Gaston Gradis headed a second exploratory expedition that left Colomb-Béchar at midnight on 25 January 1924 with three large six-wheel Renault cars with double tires.
Gradis was accompanied by the Estienne brothers, M. Schwob, an engineer from Renault, and three mechanics.
A rival Citroën expedition had left a day before, and the press made great play of the competition,
which Gradis thought obscured the important goal of establishing a trans-Saharan route.
After reaching Adrar the expedition left for the south in two vehicles, following the tracks of the November reconnaissance expedition, which were still visible.
The six-wheel cars proved faster than the Citroën caterpillars.
This expedition reached Gao, on the Niger River, and returned to Béchar on 1 March 1924.
Gradis was optimistic about the potential for aerial travel along this route.

The second Gradis expedition left Colomb-Béchar on 15 November 1924 in three six-wheel Renaults. Gradis was accompanied by the journalist Henri de Kérillis, and Marshal Louis Franchet d'Espèrey was accompanied by commandant Ihler. The Estienne brothers again joined the expedition. The other members were three Renault mechanics and three legionnaires.
The expedition reached Savé in Dahomey on 3 December 1924 after a journey of 3600 km.
The expedition leaders took the train south, and reached Porto-Novo on the Atlantic on 14 December 1924.
They then returned to Europe by boat, while the Estienne brothers raced back from Savé to Colomb Bechar in six days, setting a new record for long-distance speed in Africa.

==Later years==

In the winter of 1927/1928 the CGT began running a regular service from Colomb-Béchar to Gao using Renault automobiles.
The French security forces struggled to provide adequate protection to the Saharan tourists,
whose numbers grew when the service was made weekly.
Hotels along the route in Reggane, Gao and Niamey were operated by the Compagnie Générale Transatlantique.
Timbuktu and Gao received additional funds from the government in recognition of their commercial and tourist potential.

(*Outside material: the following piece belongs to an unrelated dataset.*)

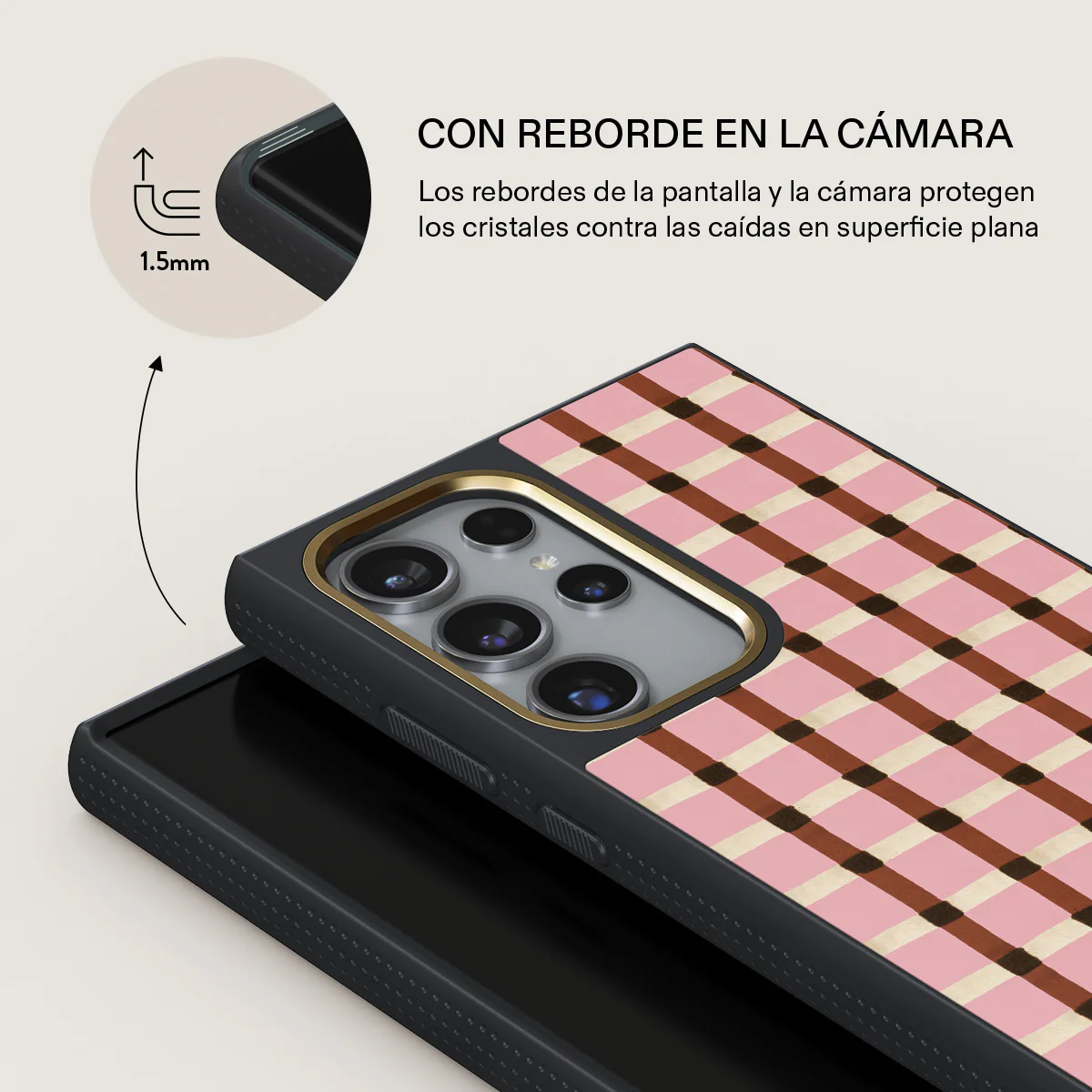 Sleeping In - Samsung Galaxy S24 Ultra Funda - Image 8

Gaston Gradis settled in Rabat, where he established various businesses, including Conserveries Nora in Meknes, growing roses for their oils to be used in perfume,
and growing citrus crops for manufacture of soft drinks.
He also made wine from his vineyards in the domaine de Margarance in Saint-Louis-de-Montferrand.
During World War II (1939–1945), after the defeat of France in 1940 the Vichy laws on the status of Jews confiscated businesses owned by Jews.
Gaston Gradis was one of only three business leaders who were exempted from this law on the basis of exceptional services to the French state, the other two being Raymond Berr and Pierre Lyon.
However, Gradis disappeared from view in 1943.
He died in Rabat on 15 January 1968, and was buried in the family vault at Lormont.